[Data extract]

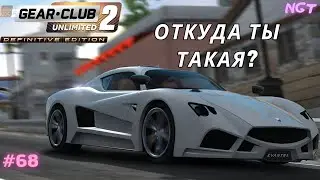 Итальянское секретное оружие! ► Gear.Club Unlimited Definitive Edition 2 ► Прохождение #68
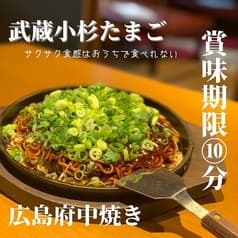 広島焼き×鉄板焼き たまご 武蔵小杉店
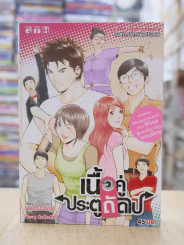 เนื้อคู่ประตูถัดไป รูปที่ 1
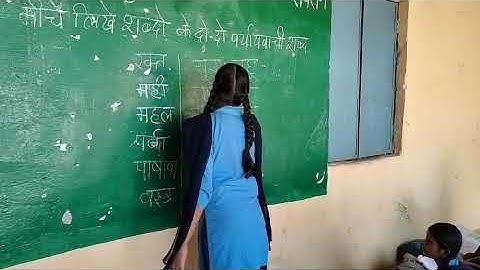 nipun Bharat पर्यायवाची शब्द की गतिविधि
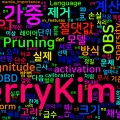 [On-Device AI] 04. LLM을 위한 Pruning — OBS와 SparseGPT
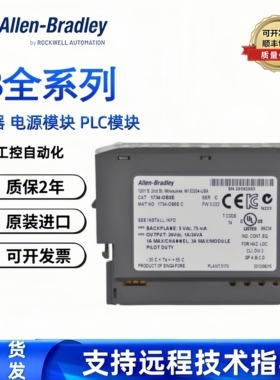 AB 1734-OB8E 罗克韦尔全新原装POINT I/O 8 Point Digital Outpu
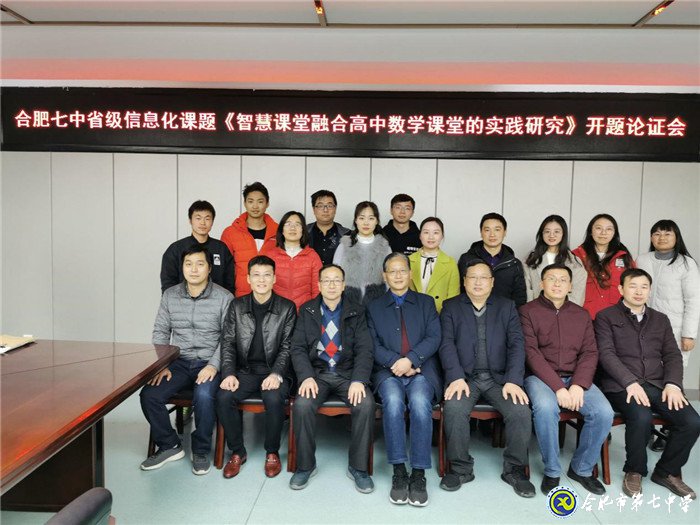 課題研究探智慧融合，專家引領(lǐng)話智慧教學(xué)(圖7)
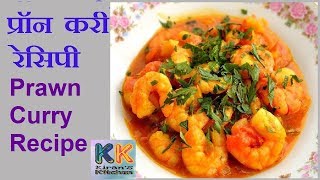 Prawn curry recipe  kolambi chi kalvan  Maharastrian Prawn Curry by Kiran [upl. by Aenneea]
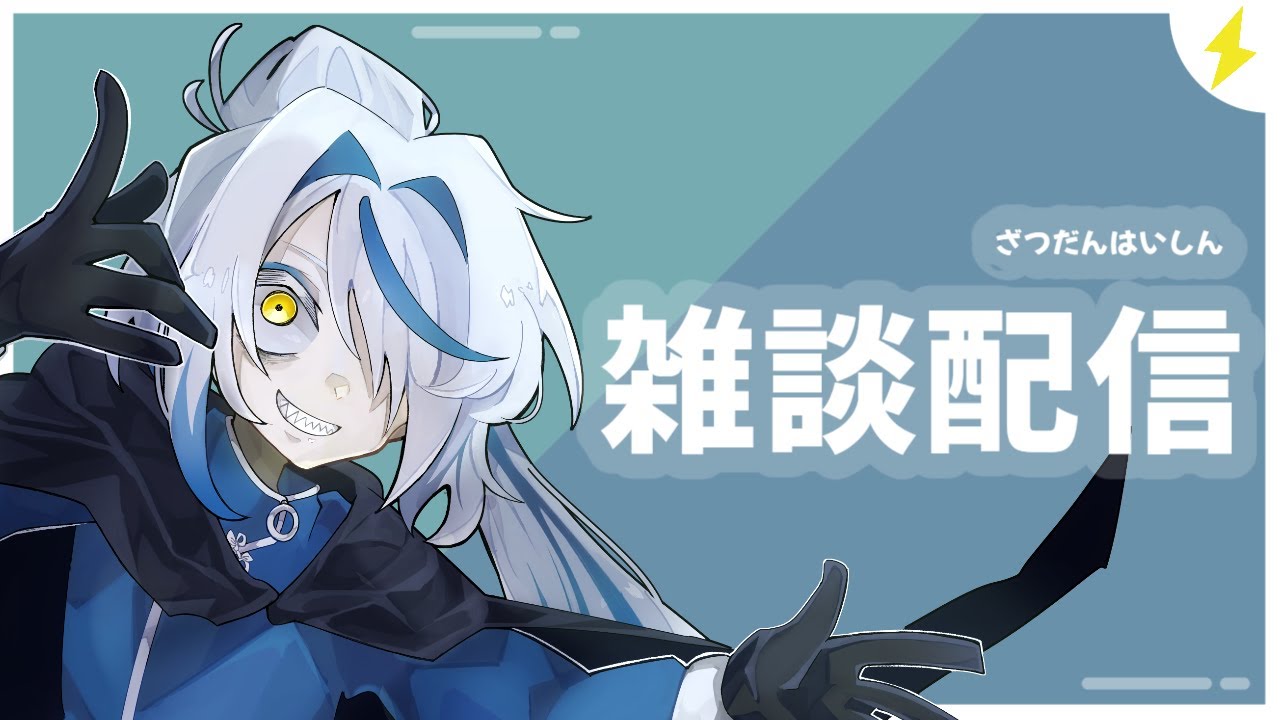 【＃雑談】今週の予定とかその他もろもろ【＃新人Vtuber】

[/Data extract]

- **What needs to be done**
Copy the data exactly. Any picture it contains is to be omitted.

- **Exercise answer**
 Итальянское секретное оружие! ► Gear.Club Unlimited Definitive Edition 2 ► Прохождение #68
 広島焼き×鉄板焼き たまご 武蔵小杉店
 เนื้อคู่ประตูถัดไป รูปที่ 1
 nipun Bharat पर्यायवाची शब्द की गतिविधि
 [On-Device AI] 04. LLM을 위한 Pruning — OBS와 SparseGPT
 AB 1734-OB8E 罗克韦尔全新原装POINT I/O 8 Point Digital Outpu
 課題研究探智慧融合，專家引領(lǐng)話智慧教學(xué)(圖7)
 Prawn curry recipe  kolambi chi kalvan  Maharastrian Prawn Curry by Kiran [upl. by Aenneea]
 【＃雑談】今週の予定とかその他もろもろ【＃新人Vtuber】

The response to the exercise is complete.